What we know for sure is that the police started an investigation on obviously compromised resources and resources were cited as the prime reason for it being dropped.

The report said Operation Augusta subsequently identified at least 57 children "as potential victims" and up to 97 "persons of interest" involved in the crimes against them.

However, it said while the investigation had the "intention of tackling the problems identified within the scoping phase... it soon became apparent this would not be quickly achievable given the resources".

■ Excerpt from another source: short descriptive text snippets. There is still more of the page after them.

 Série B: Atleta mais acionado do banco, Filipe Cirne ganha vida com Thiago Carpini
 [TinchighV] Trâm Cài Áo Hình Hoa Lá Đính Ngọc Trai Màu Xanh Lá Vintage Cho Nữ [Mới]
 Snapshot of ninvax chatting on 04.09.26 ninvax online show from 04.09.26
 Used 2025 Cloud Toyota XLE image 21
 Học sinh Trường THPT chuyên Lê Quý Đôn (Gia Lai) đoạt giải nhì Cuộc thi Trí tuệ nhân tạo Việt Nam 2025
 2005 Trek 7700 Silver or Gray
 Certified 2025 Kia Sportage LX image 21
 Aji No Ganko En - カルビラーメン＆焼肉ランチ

The report found the operation was ultimately "prematurely closed down... before it could complete its work", a decision that was driven by a desire to "remove the resources", rather than by having "a sound understanding that all lines of enquiry had been successfully completed or exhausted".

That sums it up right there.

The initial stage of the investigation got as far as identifying over 150 people that would need further investigation to decide if there was a crime being committed. With our excellent retrospective vision we now know there was crime being committed but it's obvious that this was stopped dead right at that point because it was not yet a certain crime but it would definitely blow the resource budget to find out.

This is exactly what I mean by lose-lose decisions being made because of a shortage of resources. It sounds like fear of wasting restricted resources and not having hard evidence to go on or support a pitch for more money because that itself required the resources they didn't have.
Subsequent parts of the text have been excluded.